WASHINGTON — The U.S. economy likely slowed significantly in the final three months of 2015 — and the picture seems to have grown gloomier in the first few weeks of 2016.
Sinking oil and stock prices and weakness in China and other emerging markets have raised worries about their impact on the U.S. economy. The Federal Reserve noted that concern this week with a cautious assessment of the economy.
On Friday, the government is expected to estimate that the U.S. economy grew at a minuscule 0.9 percent annual rate in the October-December quarter, according to economists surveyed by data firm FactSet. It would be less than half the growth rate of the previous quarter.
A key reason was likely a broad effort by businesses last quarter to reduce their overhang of unsold goods. Another factor is expected to be a widening trade deficit: Further strength in the dollar has made American-made goods more expensive and thus less competitive overseas. In addition, economic troubles in regions from Europe to China have depressed U.S. exports.
It will be the government's first of three estimates of economic growth for the fourth quarter.
Despite the fears that have gripped investors early in the year, economists predict that growth will strengthen in the January-March quarter to an annual rate of around 2 percent. The boost is likely to come mainly from consumer spending, which typically fuels about two-thirds of economic activity. Continued solid job growth is expected to embolden consumers to spend more.
Still, that forecast assumes that severe winter weather won't depress first-quarter activity as it did the past two years.
The Fed left interest rates unchanged on Wednesday after having raised its benchmark short-term rate in December from record lows. Many analysts think that economic weakness, subpar inflation and global pressures will cause the Fed to slow its pace of rate hikes this year from what had been expected to be four increases to perhaps only two.

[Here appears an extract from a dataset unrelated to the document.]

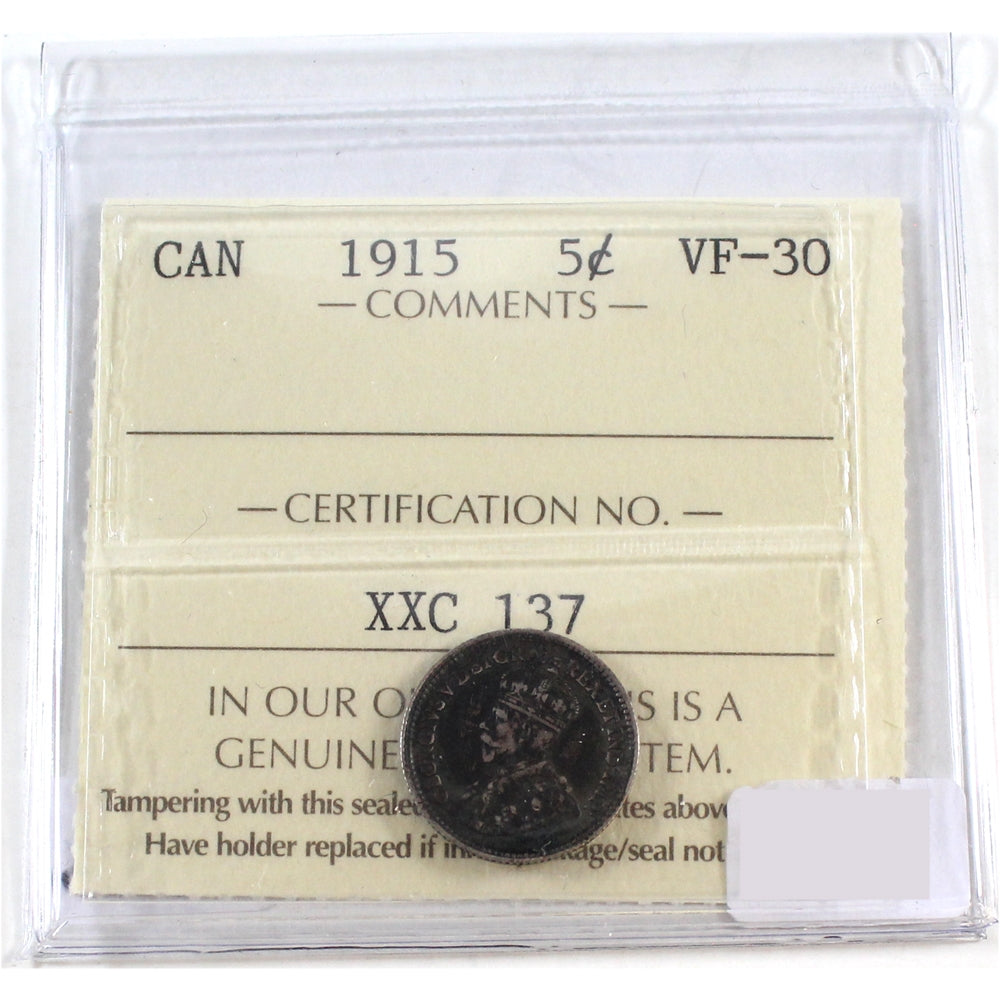 1915 Canada 5-cents ICCS Certified VF30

For all of 2015, economists have estimated that the economy grew around 2.3 percent, about equal to the 2.4 percent growth for 2014. That would continue the economy's pattern of subpar growth since the Great Recession officially ended in June 2009.

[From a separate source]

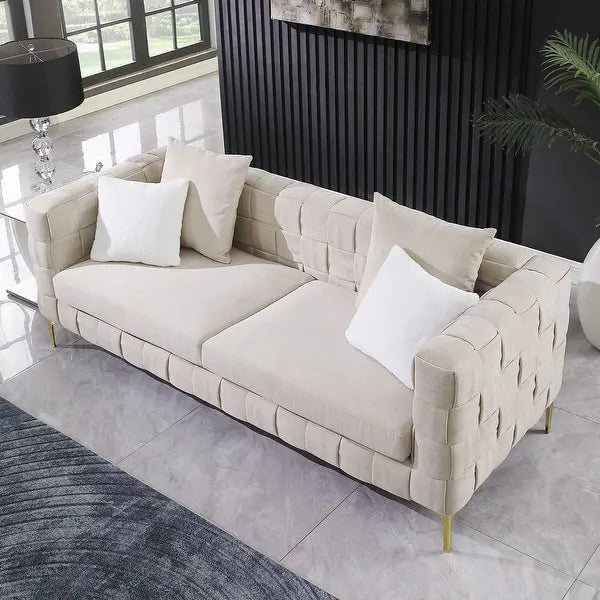 Verona Box-tuft Velvet 3-Seater Couch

For 2016, economists are forecasting another year of modest growth of around 2 percent. At the same time they have nudged up the prospects for a recession this year. While still low, the likelihood is now put at around 20 percent, though most analysts still see an outright recession as unlikely.
"I think the fear of a global recession coming out of a slowdown in China is not going to be born out," said David Jones, chief economist at DMJ Advisors. "I think a cautious consumer and cautious business attitudes will keep us growing slowly in the first half of the year, but we will pick up strength in the second half of the year."

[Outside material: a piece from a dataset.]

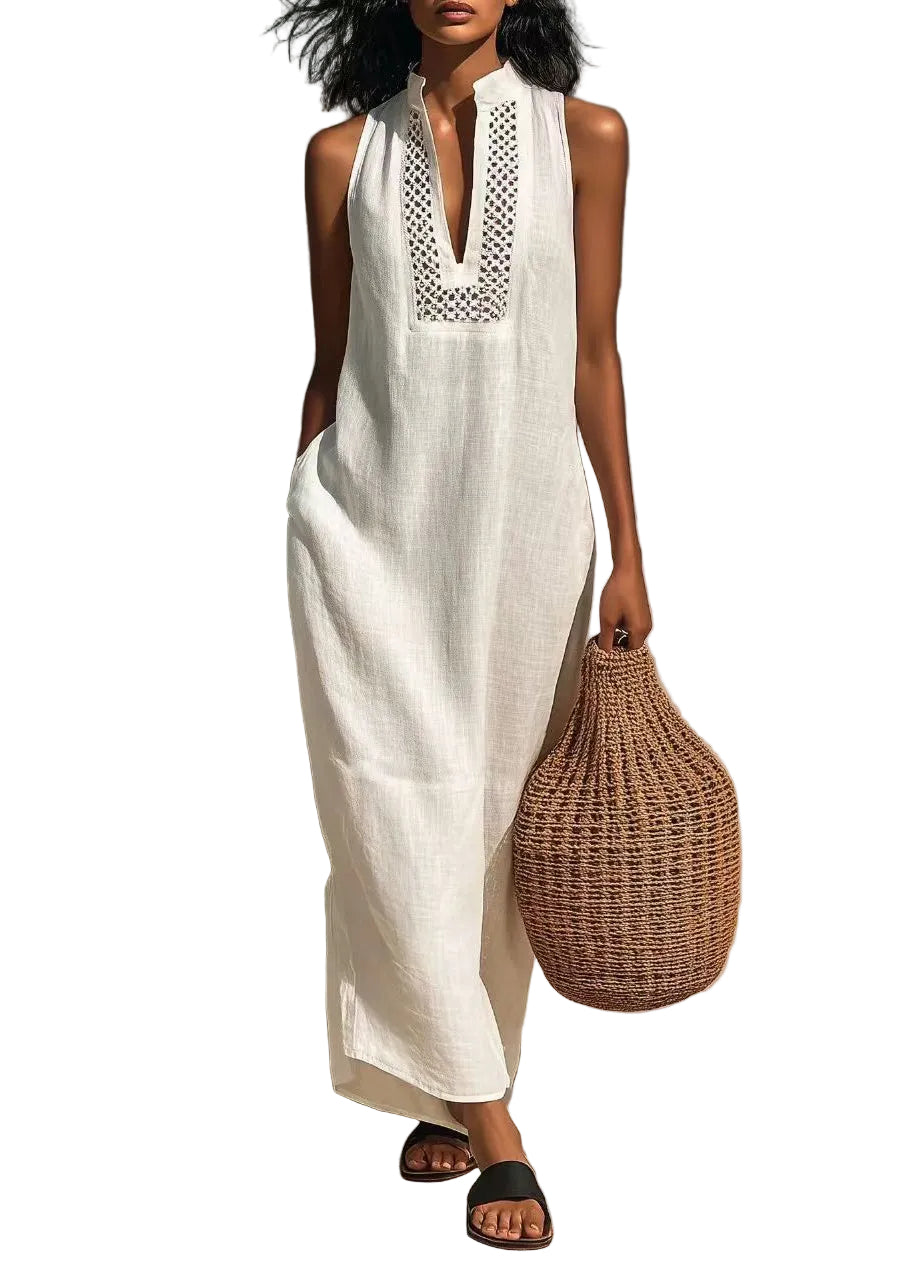 Robe longue femme ajustée col en V sans manches 0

Many economists expect the strength in the domestic economy to offset weakness in export sales and in the U.S. energy sector, which has been slashing investment in response to the plunge in energy prices.
While economic growth was lackluster last year, hiring was not. The economy added an average of 284,000 jobs a month in the final quarter of last year. The unemployment rate ended the year at a low 5 percent.
Mark Zandi, chief economist at Moody's Analytics, said he expects strong job growth to keep lowering unemployment and to help boost wages, which have lagged in this recovery. He said the extra consumer spending, which will be aided by lower gas prices, will support economic growth of around 2.5 percent in 2015.
Growth at that level is above the economy's potential right now, which many analysts put at around 2 percent, reflecting a slower pace of people entering the job market and slower productivity growth.
Though the Fed didn't rule out a rate hike at its next meeting in March, Brian Bethune, an economics professor at Tufts University, said he believed the fact that the economy slowed in the final months of 2015 and faces more headwinds this year will be noted by the central bank.
"I think the first possibility for a rate hike will be in June or July, and I only see a maximum of two quarter-point hikes this year," Bethune said.